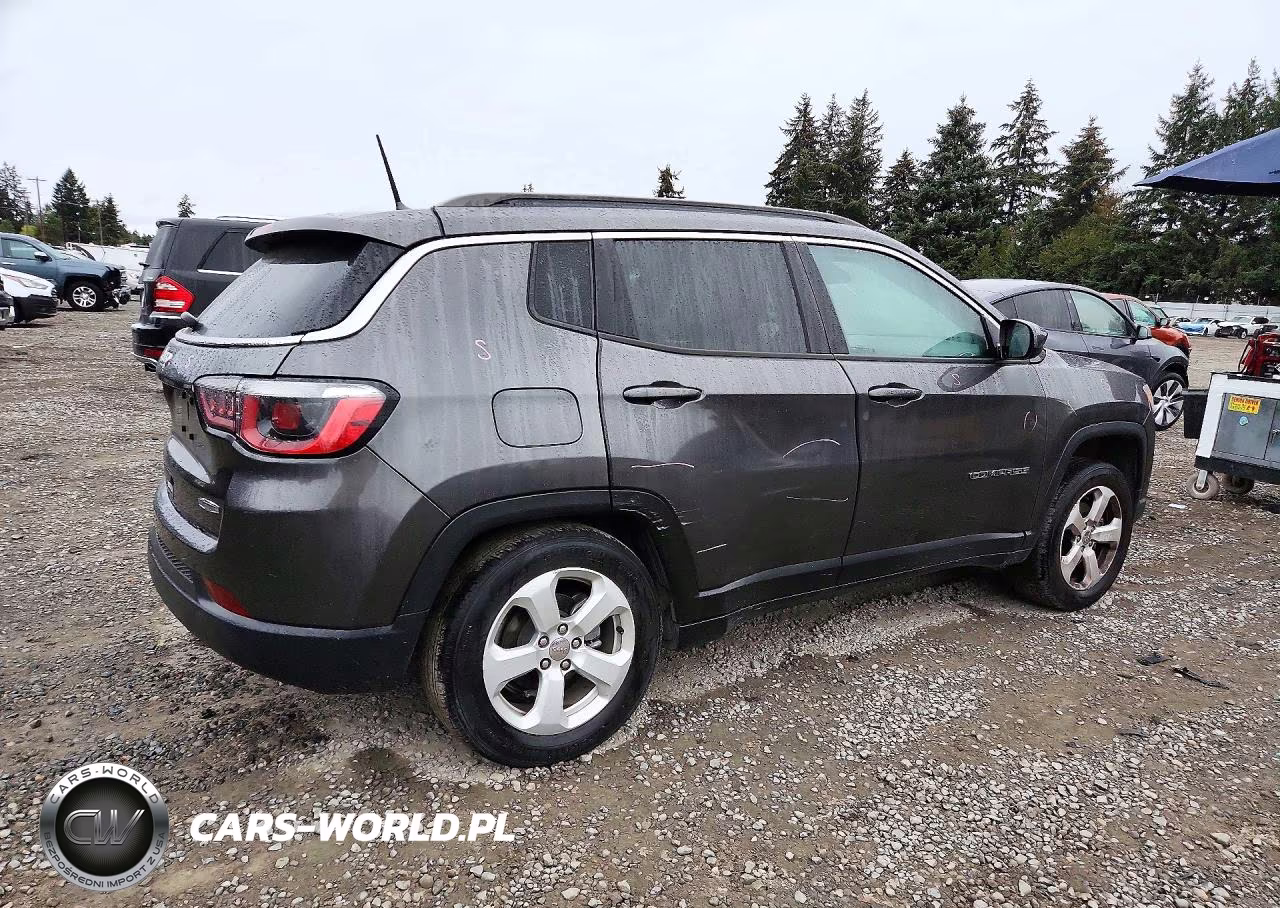 2018 Jeep Compass Latitude VIN:3C4NJDBB7JT270548 - 3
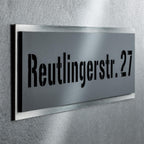 Schild mit Straße & Hausnummer aus Edelstahl in Schwarz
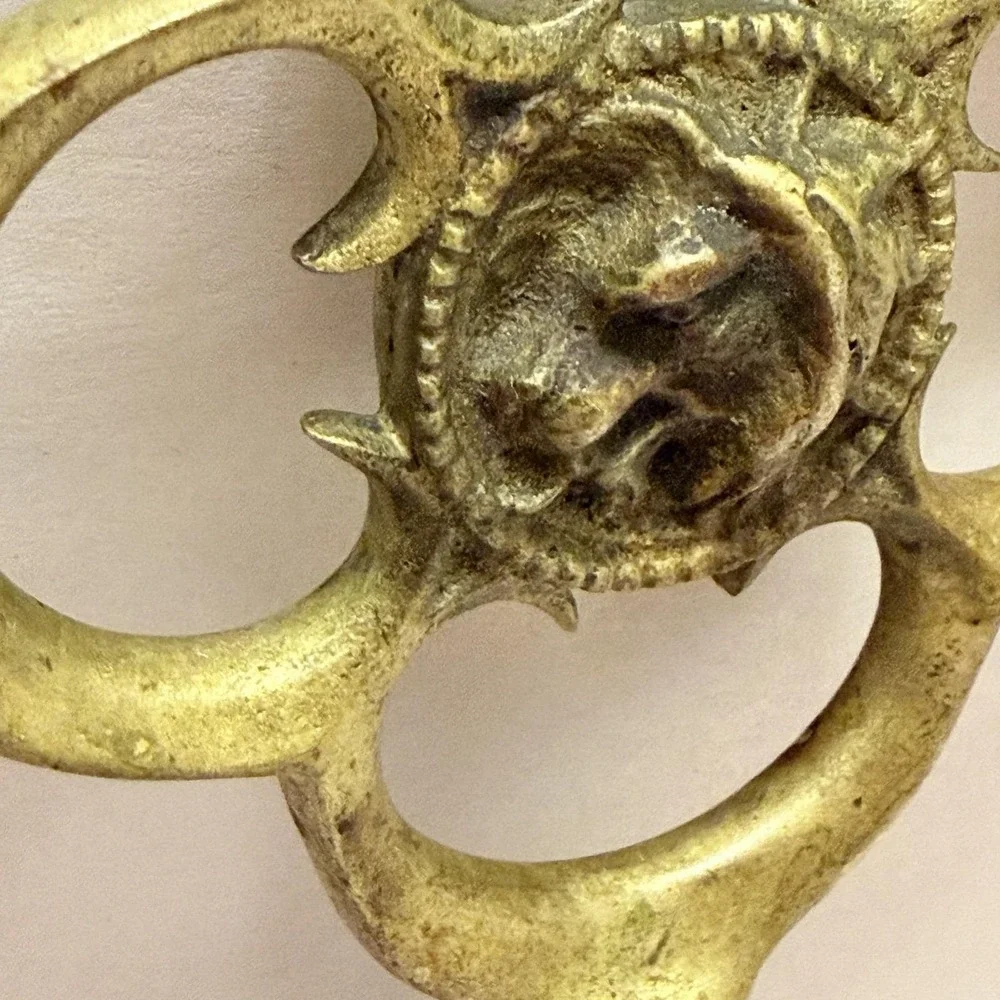 Large Antique Skeleton Key Lion Horse Head Decor Victorian Castle Meal 8.5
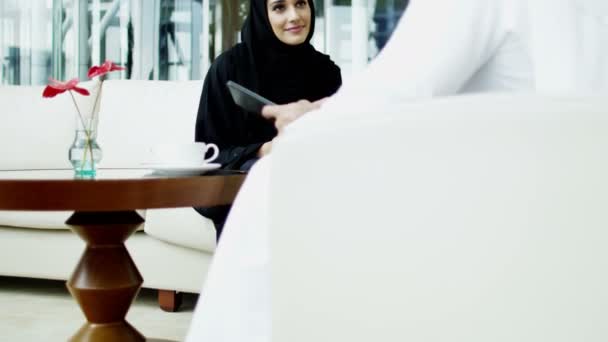 Αραβικά-επιχειρηματία και επιχειρηματίας συνάντηση σε ξενοδοχείο — Αρχείο Βίντεο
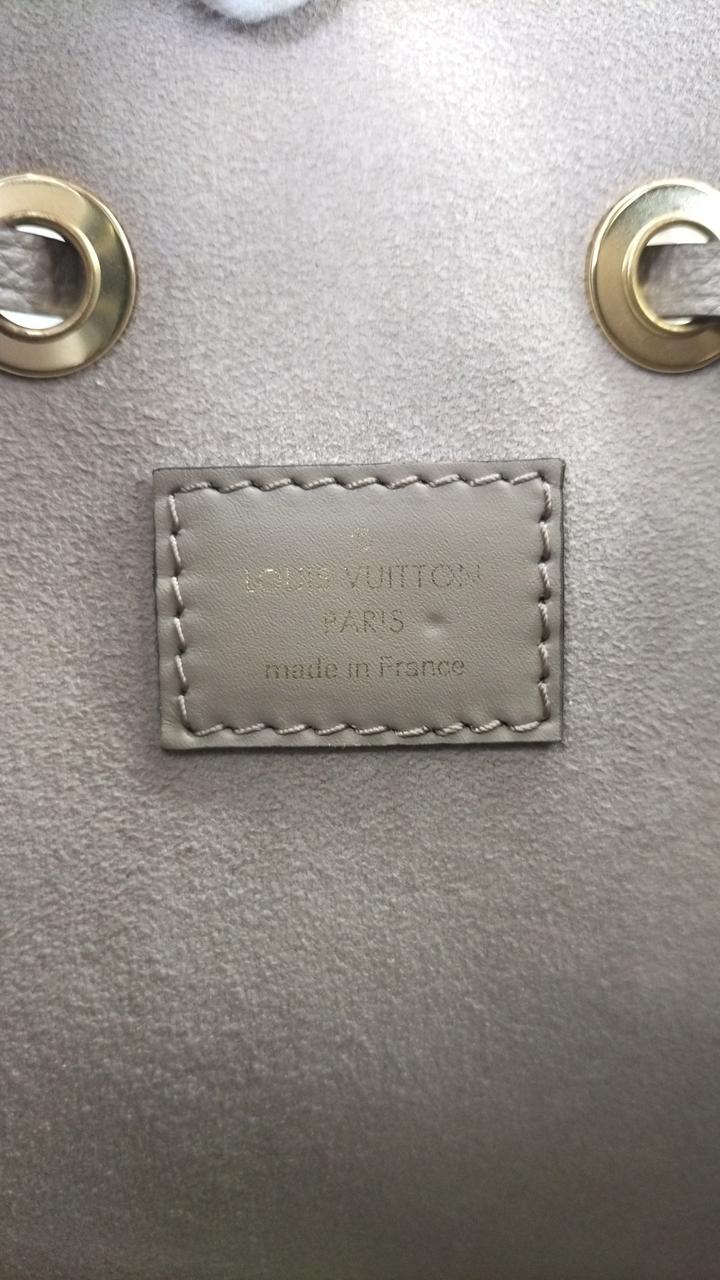 バッグ内側 ブランドロゴ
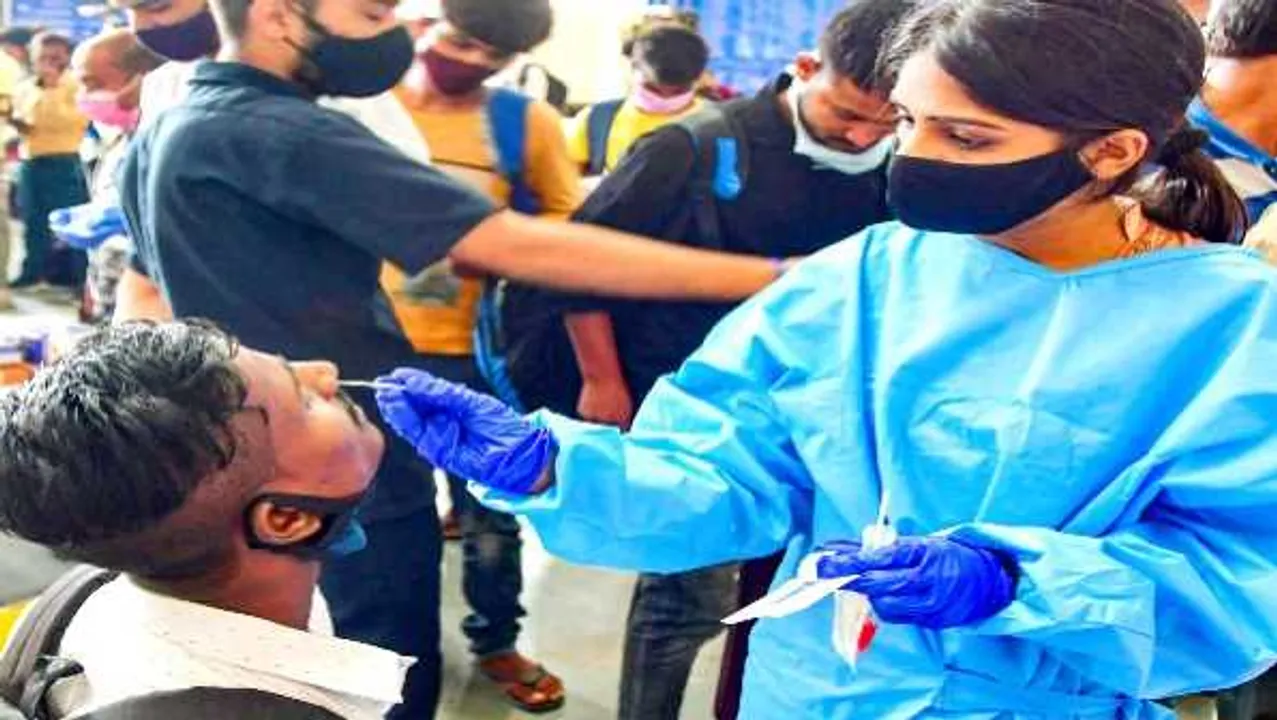 बढ़ रहा ओमिक्रॉन: दिल्ली में 10 नए मामले मिलने से हड़कंप, देश में कुल केस 97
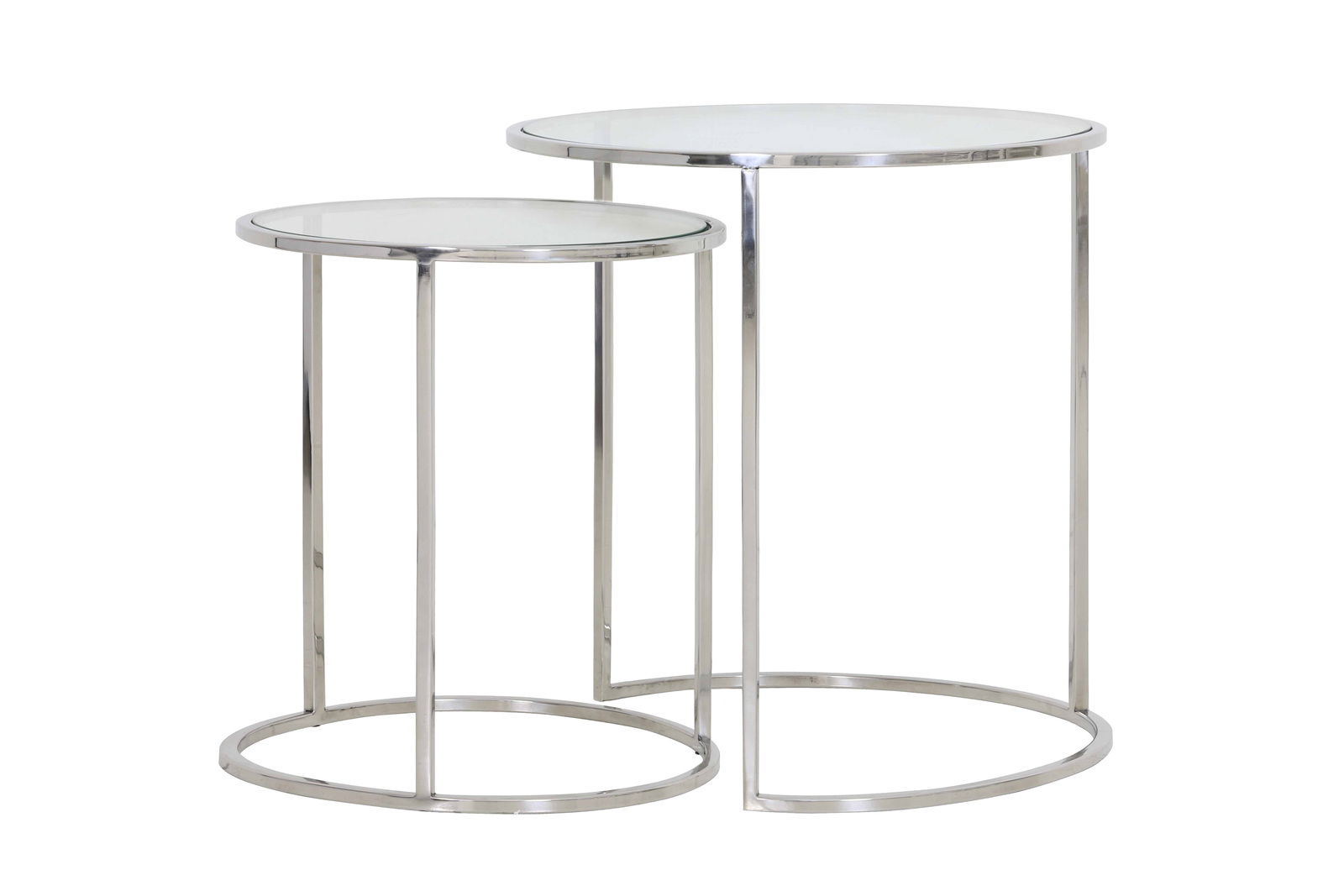 Zwei runde Beistelltische aus Metall mit Glasplatte, in verschiedenen Höhen, seitliche Perspektive.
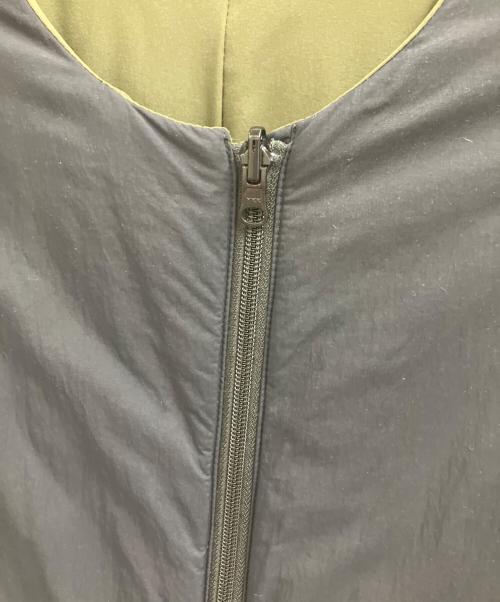 SHIPS（シップス）SHIPS (シップス) リバーシブル中綿コート ブラック×グリーン サイズ:不明の古着・服飾アイテム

● ● ● ●

**TASK ITEM:**
What you return must match, line for line, the records from the line containing "Zwei runde Beistelltische" through their end, with both ends included and no pictures.

**OUTPUT BELOW:**
 Zwei runde Beistelltische aus Metall mit Glasplatte, in verschiedenen Höhen, seitliche Perspektive.
 SHIPS（シップス）SHIPS (シップス) リバーシブル中綿コート ブラック×グリーン サイズ:不明の古着・服飾アイテム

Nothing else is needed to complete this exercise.